◆ COLLECTED DATA:

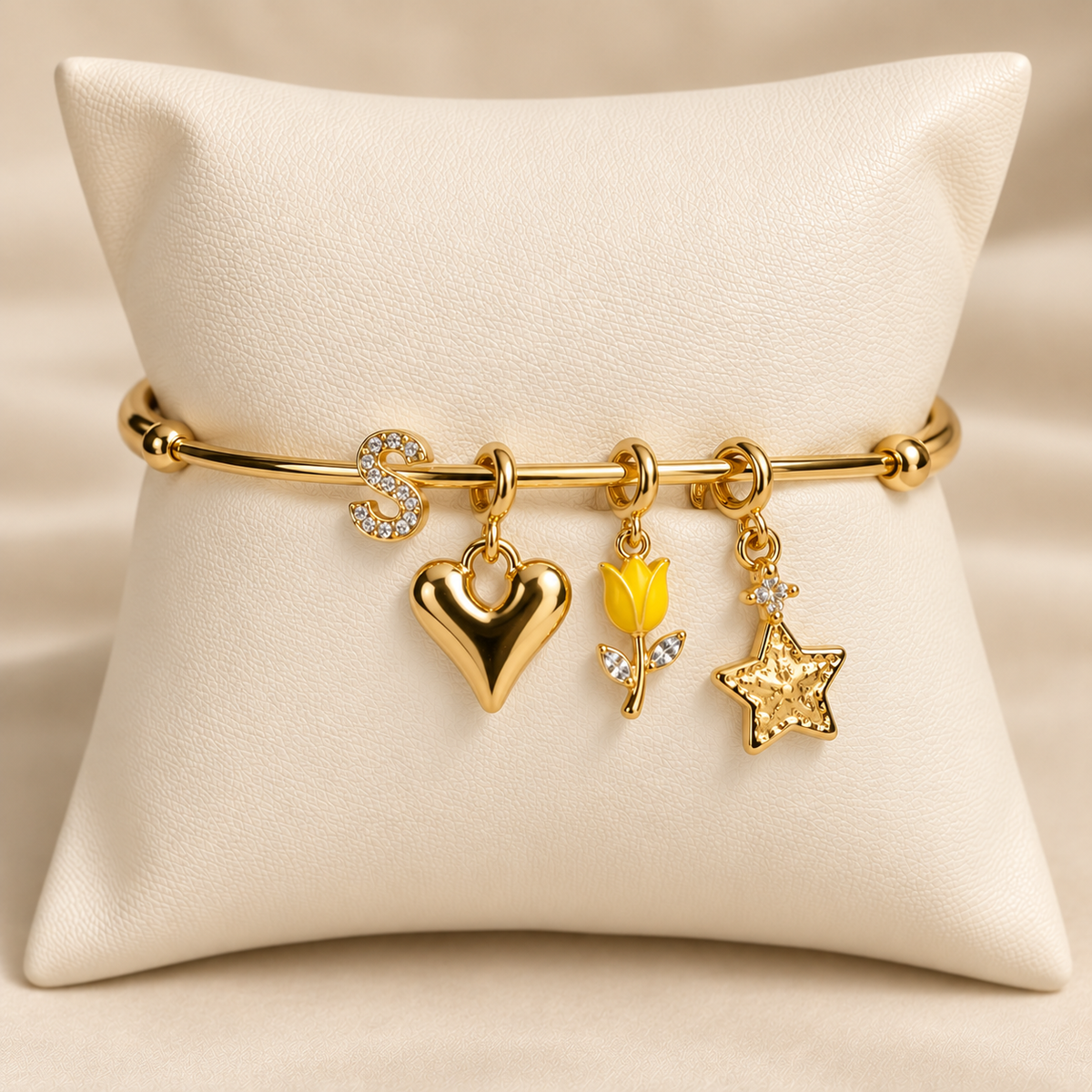 Gold-tone charm bangle displayed on a white cushion, featuring a rhinestone initial “S” charm, a polished gold heart charm, a yellow tulip charm, and a gold star charm.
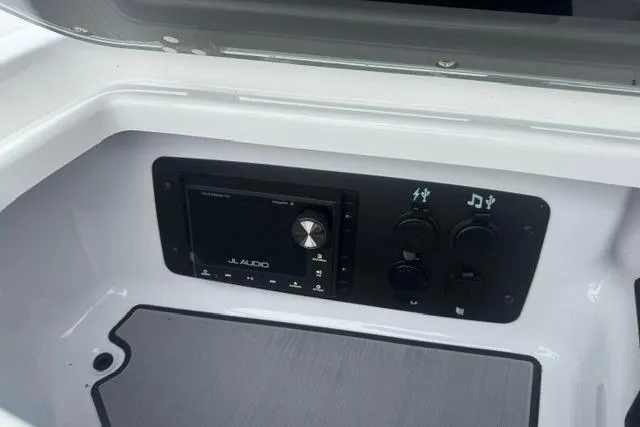 Slide: The Image of 2022 Nautique Super Air Nautique G21 audio control panel with JL Audio system. - 34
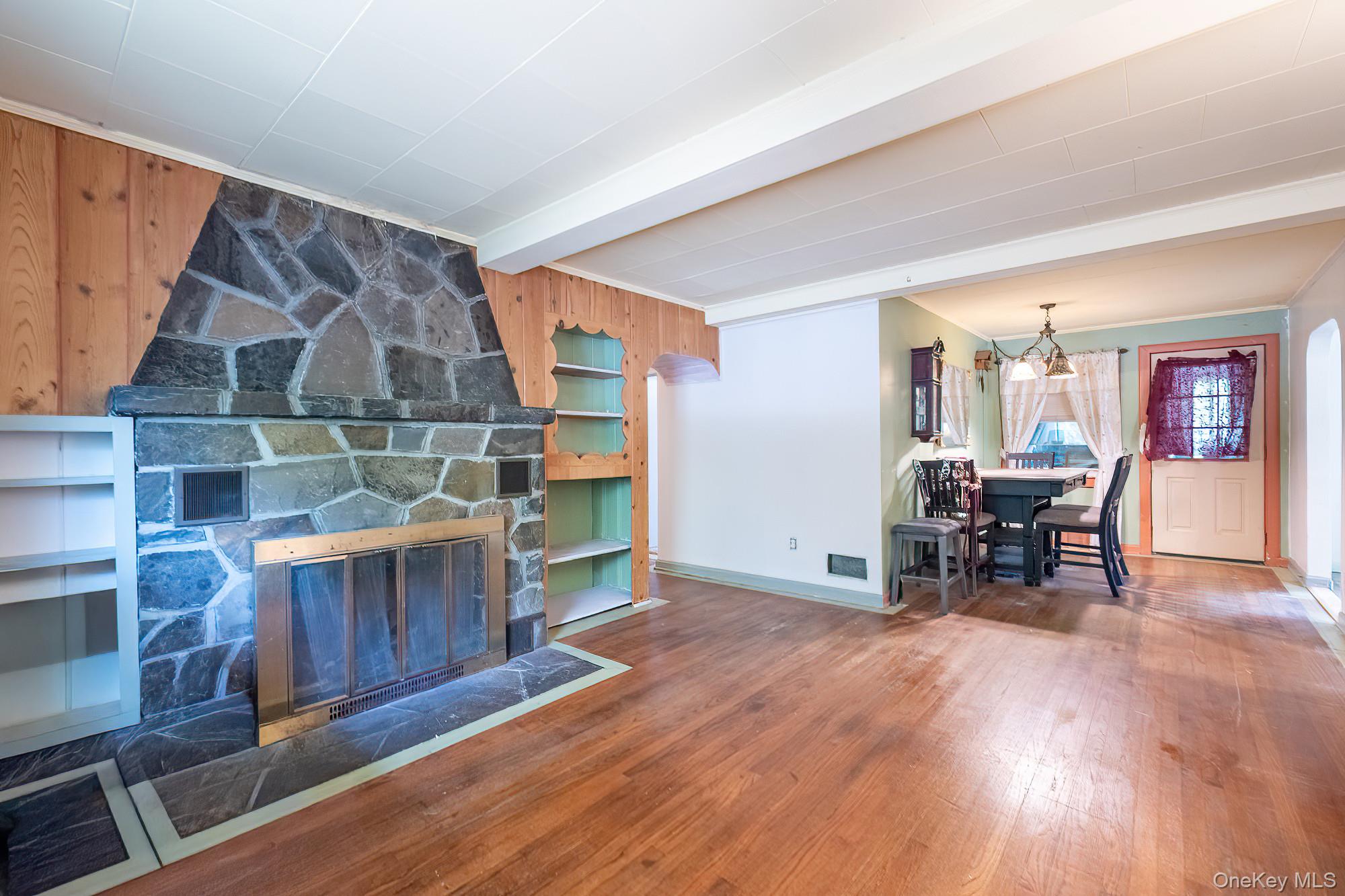 240 Stevers Crossing Road Hudson, NY 12534 - Photo 8 of 21 Living room featuring wood-type flooring, a stone fireplace, beam ceiling, and wood walls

◆ WHAT NEEDS TO BE DONE:
Keep the pictures out of your answer, which should be the lines from the one with "Slide: The Image" through the final line of the data, copied exactly.

◆ EXPECTED ANSWER:
 Slide: The Image of 2022 Nautique Super Air Nautique G21 audio control panel with JL Audio system. - 34
 240 Stevers Crossing Road Hudson, NY 12534 - Photo 8 of 21 Living room featuring wood-type flooring, a stone fireplace, beam ceiling, and wood walls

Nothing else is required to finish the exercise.